Bei manchen Büchern bin ich mir nicht so sicher, wie man sie einordnen soll. »Lass uns mit den Toten tanzen« betrachte ich als ein sehr gutes Beispiel dafür: Es ist ein Roman, klar, denn der Stil ist nicht der eines Sachbuches; es gibt Dialoge und Beschreibungen, es gibt Sex und Drogen und Alkohol. Doch der Roman orientiert sich derart eng an Fakten und Tatsachen, dass es beispielsweise schwerfällt, die Autorin gedanklich von der Hauptperson zu trennen.
Aber das ist eigentlich egal: Bei dem Roman handelt es sich um ein ausgesprochen lesenswertes Buch, das eindrucksvoll von den Seerettungsmissionen im Mittelmeer erzählt. Wer eine Vorstellung davon haben möchte, was sich dabei abspielt, sollte diesen Roman lesen.
Und wer ist Pia Klemp? Bei ihr handelt es sich um eine Kapitänin, die mit einem Schiff auf dem Mittelmeer unterwegs ist, um Menschen zu retten, die mit irgendwelchen Ruderbooten versuchen, nach Europa zu kommen. Manchmal schafft sie es mit ihrer Mannschaft rechtzeitig und kann Menschen aus dem Wasser fischen, manchmal treffen sie nur Reste eines Bootes und Leichen an. Und immer wieder gibt es Ärger mit ignoranten Beamten und arrogantem Militär.

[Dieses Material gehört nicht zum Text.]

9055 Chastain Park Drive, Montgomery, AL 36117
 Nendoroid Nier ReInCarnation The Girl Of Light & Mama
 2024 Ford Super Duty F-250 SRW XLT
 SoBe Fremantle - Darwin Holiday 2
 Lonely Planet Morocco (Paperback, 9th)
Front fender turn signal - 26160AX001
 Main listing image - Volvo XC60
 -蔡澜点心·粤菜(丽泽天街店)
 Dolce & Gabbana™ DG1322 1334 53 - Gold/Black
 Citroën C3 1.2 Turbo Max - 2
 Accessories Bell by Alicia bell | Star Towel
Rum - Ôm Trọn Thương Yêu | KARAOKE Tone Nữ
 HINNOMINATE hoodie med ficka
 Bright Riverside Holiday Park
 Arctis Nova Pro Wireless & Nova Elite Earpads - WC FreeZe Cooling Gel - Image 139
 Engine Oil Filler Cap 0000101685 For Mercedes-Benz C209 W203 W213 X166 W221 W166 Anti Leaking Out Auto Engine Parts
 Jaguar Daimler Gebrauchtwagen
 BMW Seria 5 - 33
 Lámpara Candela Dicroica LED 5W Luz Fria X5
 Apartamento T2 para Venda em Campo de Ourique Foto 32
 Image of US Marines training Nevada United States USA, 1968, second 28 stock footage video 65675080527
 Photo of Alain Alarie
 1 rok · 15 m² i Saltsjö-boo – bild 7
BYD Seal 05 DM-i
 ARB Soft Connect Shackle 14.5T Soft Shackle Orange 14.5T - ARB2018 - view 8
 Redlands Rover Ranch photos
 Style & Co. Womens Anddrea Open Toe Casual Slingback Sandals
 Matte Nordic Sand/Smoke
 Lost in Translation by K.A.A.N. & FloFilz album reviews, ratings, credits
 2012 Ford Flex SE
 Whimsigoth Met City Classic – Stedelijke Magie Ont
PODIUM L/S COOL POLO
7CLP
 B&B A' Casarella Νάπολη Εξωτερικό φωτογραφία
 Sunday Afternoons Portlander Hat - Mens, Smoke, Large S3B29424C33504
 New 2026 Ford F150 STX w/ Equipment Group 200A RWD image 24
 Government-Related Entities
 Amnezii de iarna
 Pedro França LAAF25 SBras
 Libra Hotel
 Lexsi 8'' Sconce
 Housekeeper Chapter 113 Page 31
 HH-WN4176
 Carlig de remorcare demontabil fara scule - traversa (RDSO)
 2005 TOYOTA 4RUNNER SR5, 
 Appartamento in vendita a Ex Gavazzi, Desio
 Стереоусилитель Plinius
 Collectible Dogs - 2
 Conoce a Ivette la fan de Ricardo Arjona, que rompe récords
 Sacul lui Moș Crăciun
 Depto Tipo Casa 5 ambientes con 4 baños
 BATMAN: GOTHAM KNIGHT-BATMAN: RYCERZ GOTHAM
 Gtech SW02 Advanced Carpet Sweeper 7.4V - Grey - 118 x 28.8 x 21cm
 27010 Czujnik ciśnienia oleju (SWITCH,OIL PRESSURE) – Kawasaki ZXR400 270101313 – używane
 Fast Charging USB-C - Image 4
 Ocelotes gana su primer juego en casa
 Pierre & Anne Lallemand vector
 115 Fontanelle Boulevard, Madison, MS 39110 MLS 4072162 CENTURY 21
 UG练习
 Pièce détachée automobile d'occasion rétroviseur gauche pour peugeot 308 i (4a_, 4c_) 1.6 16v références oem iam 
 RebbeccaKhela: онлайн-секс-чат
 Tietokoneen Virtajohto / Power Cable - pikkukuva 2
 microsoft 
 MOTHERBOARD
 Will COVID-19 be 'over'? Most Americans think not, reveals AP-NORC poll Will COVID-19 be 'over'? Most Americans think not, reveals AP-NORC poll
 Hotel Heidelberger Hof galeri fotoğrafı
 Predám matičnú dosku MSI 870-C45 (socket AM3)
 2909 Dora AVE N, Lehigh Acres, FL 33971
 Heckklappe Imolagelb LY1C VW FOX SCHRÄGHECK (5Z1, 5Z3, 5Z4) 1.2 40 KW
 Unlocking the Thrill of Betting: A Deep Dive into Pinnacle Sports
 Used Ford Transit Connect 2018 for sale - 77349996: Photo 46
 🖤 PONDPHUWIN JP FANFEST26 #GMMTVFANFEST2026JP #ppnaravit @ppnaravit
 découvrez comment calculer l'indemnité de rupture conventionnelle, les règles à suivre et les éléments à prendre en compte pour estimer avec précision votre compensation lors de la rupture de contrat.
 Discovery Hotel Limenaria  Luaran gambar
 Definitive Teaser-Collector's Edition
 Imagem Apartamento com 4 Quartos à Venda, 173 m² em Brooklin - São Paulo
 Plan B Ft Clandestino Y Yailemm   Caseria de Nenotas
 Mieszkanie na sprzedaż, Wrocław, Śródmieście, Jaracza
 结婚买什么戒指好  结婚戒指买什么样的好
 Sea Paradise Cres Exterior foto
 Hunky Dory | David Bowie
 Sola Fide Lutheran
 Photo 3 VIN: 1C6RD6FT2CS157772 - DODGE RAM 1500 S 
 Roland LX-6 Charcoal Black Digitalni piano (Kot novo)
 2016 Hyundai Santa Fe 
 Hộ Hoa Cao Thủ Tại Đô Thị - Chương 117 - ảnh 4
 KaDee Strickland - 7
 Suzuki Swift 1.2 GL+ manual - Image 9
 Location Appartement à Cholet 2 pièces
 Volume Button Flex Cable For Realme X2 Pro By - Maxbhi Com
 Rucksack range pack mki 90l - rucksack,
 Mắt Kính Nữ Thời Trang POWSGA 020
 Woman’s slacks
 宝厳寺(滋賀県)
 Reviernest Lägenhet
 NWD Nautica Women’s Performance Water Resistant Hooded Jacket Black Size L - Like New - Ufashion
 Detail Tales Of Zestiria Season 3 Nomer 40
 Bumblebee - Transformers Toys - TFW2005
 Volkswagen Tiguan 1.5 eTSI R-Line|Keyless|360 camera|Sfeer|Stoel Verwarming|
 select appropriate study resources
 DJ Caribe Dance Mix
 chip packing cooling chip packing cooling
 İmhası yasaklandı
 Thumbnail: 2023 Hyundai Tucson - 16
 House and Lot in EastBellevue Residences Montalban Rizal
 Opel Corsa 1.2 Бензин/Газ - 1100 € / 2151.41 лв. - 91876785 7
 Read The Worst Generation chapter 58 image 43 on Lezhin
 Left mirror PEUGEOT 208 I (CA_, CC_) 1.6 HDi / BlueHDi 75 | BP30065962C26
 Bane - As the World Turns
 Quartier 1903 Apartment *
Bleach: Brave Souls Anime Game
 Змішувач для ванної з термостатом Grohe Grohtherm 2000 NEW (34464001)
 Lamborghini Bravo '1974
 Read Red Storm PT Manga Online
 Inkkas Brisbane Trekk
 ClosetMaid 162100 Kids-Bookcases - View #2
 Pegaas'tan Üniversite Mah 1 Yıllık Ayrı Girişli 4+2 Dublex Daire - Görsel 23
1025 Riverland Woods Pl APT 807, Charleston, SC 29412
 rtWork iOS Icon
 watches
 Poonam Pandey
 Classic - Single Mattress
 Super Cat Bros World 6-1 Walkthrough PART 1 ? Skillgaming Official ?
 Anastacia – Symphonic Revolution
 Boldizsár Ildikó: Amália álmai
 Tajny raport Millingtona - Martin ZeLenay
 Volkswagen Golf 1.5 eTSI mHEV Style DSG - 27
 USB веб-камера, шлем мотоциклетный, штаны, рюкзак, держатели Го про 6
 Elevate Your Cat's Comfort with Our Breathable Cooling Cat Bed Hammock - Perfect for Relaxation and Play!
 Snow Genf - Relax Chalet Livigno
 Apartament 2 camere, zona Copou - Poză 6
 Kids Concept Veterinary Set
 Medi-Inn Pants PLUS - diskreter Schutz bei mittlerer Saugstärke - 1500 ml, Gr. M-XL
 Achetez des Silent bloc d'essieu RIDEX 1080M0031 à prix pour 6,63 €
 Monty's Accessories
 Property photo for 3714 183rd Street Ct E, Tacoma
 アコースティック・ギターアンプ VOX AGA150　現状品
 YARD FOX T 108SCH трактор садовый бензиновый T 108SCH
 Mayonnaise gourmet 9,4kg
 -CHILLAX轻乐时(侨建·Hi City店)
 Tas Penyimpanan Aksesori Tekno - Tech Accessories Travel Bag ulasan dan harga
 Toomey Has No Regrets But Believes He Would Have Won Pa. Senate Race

Die Autorin erzählt aus einer krass-subjektiven Perspektive heraus; das ist extrem lebensnah. An Bord des Schiffes oder im Hafen wird auch mal gefeiert, es wird Alkohol getrunken, es wummert Punkrock übers Deck, und das Thema Sex spielt ebenfalls eine Rolle. Klemp hält mit ihrer Meinung nicht hinter dem Berg; sie ist Anarchistin, Veganerin und Tierrechtlerin, was bei Beziehungen dann eben mal zu Konflikten führen kann. Ihre politischen Vorstellungen vertritt sie knallig, und das wird im Roman immer wieder thematisiert.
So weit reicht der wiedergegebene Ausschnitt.